Fantasma do derretimento de neve ronda as pistas de esqui da Europa
O movimento inédito é resultado do aquecimento global
Um fantasma ronda o inverno na Europa — o fantasma do derretimento da neve em algumas das mais badaladas pistas de esqui. Entra ano, sai ano, como quem vai à praia no verão brasileiro, cerca de 80 milhões de turistas vestem casacos recheados de pena de ganso, calçam luvas e sobem os Alpes para subir e descer as montanhas. A má notícia, agora em 2024: as paisagens brancas parecem engolidas pelo marrom acinzentado das rochas e pelas árvores, majoritariamente carvalhos e faias (além de cáctus, elementos estranhíssimos, que brotam aqui e ali). É fenômeno que alcança todos os países com porções alpinas, da França até a Eslovênia, passando por Suíça, Itália, Alemanha e Áustria — e chega até mesmo aos Cárpatos, especialmente na Polônia, República Checa e Eslováquia, em secura inédita, até onde a vista alcança.
Houve espanto, em setembro do ano passado, quando a prefeitura de La Sambuy, próxima ao mítico Mont Blanc, do lado francês, anunciou o fim das atividades esportivas e de lazer durante os meses de frio. Como em 2023 houvera apenas cinco semanas de horizontes alvos e temperaturas baixas, e 2024 anunciava cenário semelhante, decidiu-se pelo fechamento do pequeno, agradável e sempre lotado resort, que já não poderia se manter economicamente sem os visitantes, que sumiram. Na região central da Itália, nas cercanias de Rieti, não muito distante de Roma, os termômetros permaneceram acima dos 10 graus durante dezembro e janeiro.
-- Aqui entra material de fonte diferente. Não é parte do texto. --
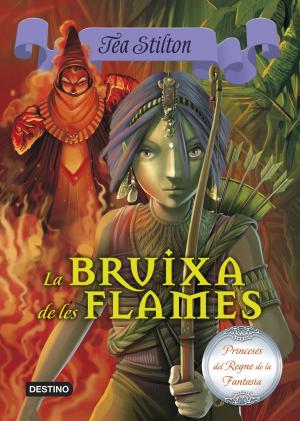 Cover of the book 8. La bruixa de les flames by Tea Stilton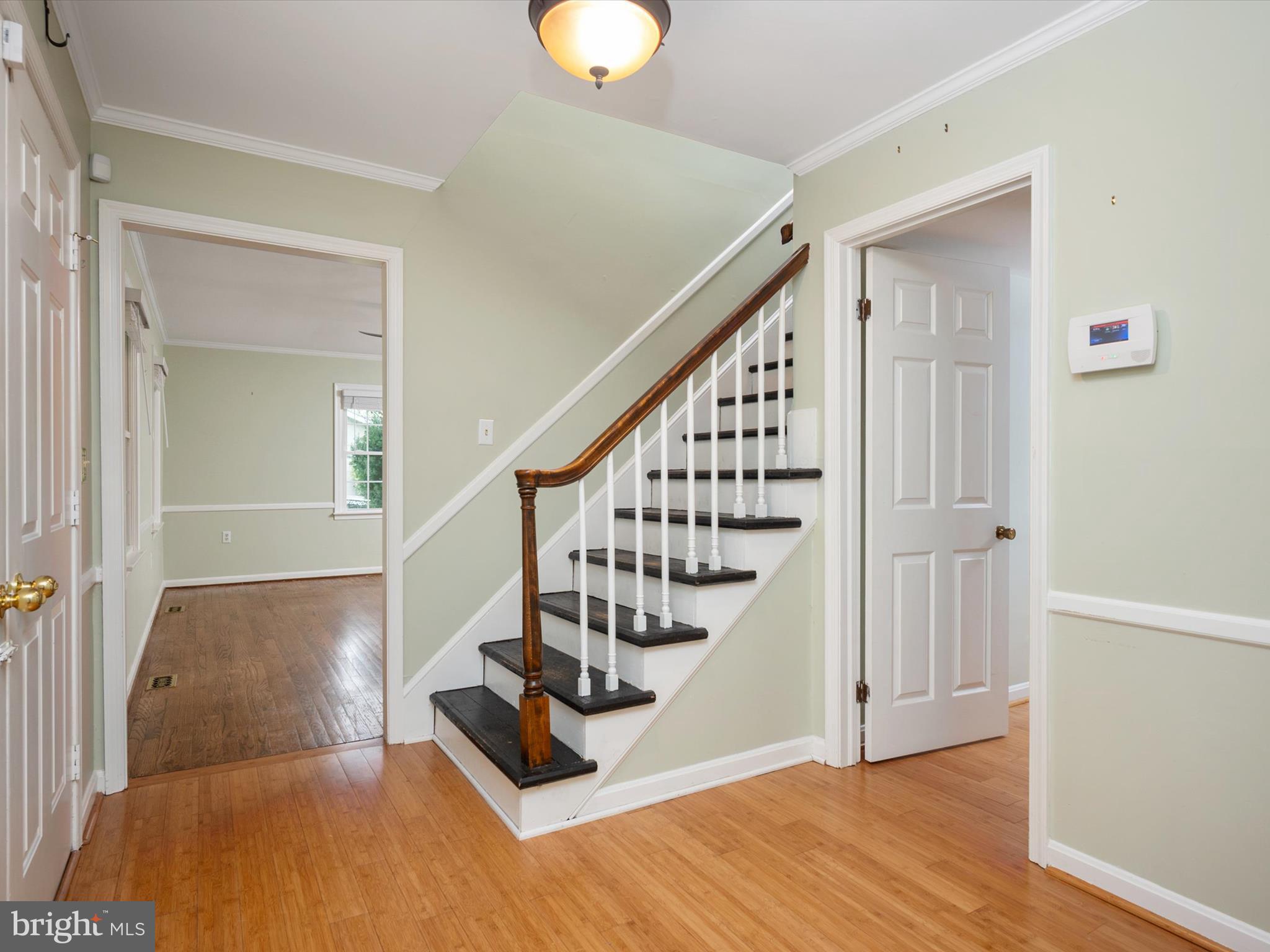 317 COLUMBIA LANE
No Jura francês, a caminho de Genebra, os mantenedores da estação de Métabief olham para o futuro com pessimismo e começam a desenhar um projeto de transformação radical, e o que hoje é estação de esqui deve ser transformado, até 2035, em um conjunto de hotéis atrelados ao trekking, a passeios pela montanha — e não mais, necessariamente, ao esporte e a brincadeiras em cima das camadas de flocos. Planos parecidos são traçados na Bavária alemã e em Zakopane, na Polônia.
O estrago, que mexe com os negócios — cujas perdas ainda não foram estimadas —, mas também com um estilo de vida, é resultado esperado e terrível do aquecimento global. O ano passado foi o mais quente da história jamais registrado, marcado por um recorde impressionante: todos os dias do ano ficaram 1 grau acima, em média, do nível pré-industrial. O Acordo de Paris, com 195 signatários, prevê a redução das emissões de gases de modo a garantir que o planeta não aqueça acima de 2 graus, preferencialmente a no máximo 1,5 grau. No ano passado, contudo, em metade dos dias os termômetros ultrapassaram essa barreira. Não é o fim do mundo, não, mas serve de alerta para o que pode vir pela frente. Um estudo publicado na revista científica Nature Climate Change estima que, caso o planeta atinja a marca de 2 graus para além do esperado, 53% das 2 234 estações de esqui europeias estariam arriscadas a desmilinguir. O impacto chegaria a 98% do total caso a marca chegasse a 4 graus.
Há solução? Uma delas é a fabricação de neve artificial, recurso adotado por 60% das estações. O problema é que a “magia” demanda água em abundância e energia elétrica. “A iniciativa aumenta a pegada de carbono e pode vir a alimentar conflitos por recursos naturais”, diz Laurent Vanat, especialista no tema. E dá-se um curioso beco sem saída: boa parte da água consumida na Europa vem do degelo dos Alpes. Sem a formação da neve, há risco de desabastecimento. É impossível afirmar, com certeza absoluta, que os invernos nunca mais serão os mesmos — mas não há como fugir do receio, do frio na espinha.